Help with using gcd() and Integers mod n

[daon]

How would I go about proving: For a,b in Z mod n, If gcd(a,n)=1 and gcd(b,n)=1 then gcd(ab,n) = 1.

I'm not sure if this is correct because I never used the fact that a and b are in Z mod n, just that they are in Z, but I gave it a shot:

[informal]
gcd(a,n) = a(x) + n(y), some x,y in Z mod n
gcd(b,n) = b(x') + n(y'), some x',y' in Z mod n

gcd(a,n)*gcd(b,n) = 1*1 = 1 = (ax + ny)(bx' + ny')
1 = abxx' + + axny' + nybx' + nnyy' = ab(xx') + n(axy'+ybx'+nyy')

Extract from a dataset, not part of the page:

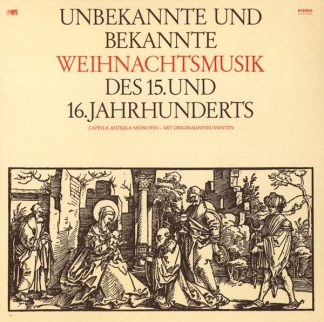 MPS MPS 13 007 ST - Capella Antiqua München - Unbekannte Und Bek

So now I have: 1 = ab(c) + n(k), for the above c,k

Does this justify me saying that gcd(ab,n) = ab(c) + n(k) = 1?

-Daon

 

[pka]

I am not sure what is meant by mod n here.
Are you dealing with a finite field, in which case n is prime?
Or, are you just talking about multiplication modulo n?
If a is relatively prime to n and b is relatively prime to n the clearly their product must be relatively prime to n in the integers. But I still do not see where the mod n comes into play. Maybe you can post the entire question.

 

[daon]

I'm not sure where it comes in, either. I am dealing with an equivilance class of size n.

The entire question was:

\(\displaystyle \L \text{For a,b } \in \mathbb{Z}_n \text{, if gcd(a,n)=1 and gcd(b,n)=1 then gcd(ab,n)=1.}\)

We had just finished going over \(\displaystyle \mathbb{U}_n\) when this was assigned. I'm not sure if this has anything to do with it.

 

[daon]

If I have: 1 = ab(c) + n(k), is that enough to say gcd(ab,n) = 1?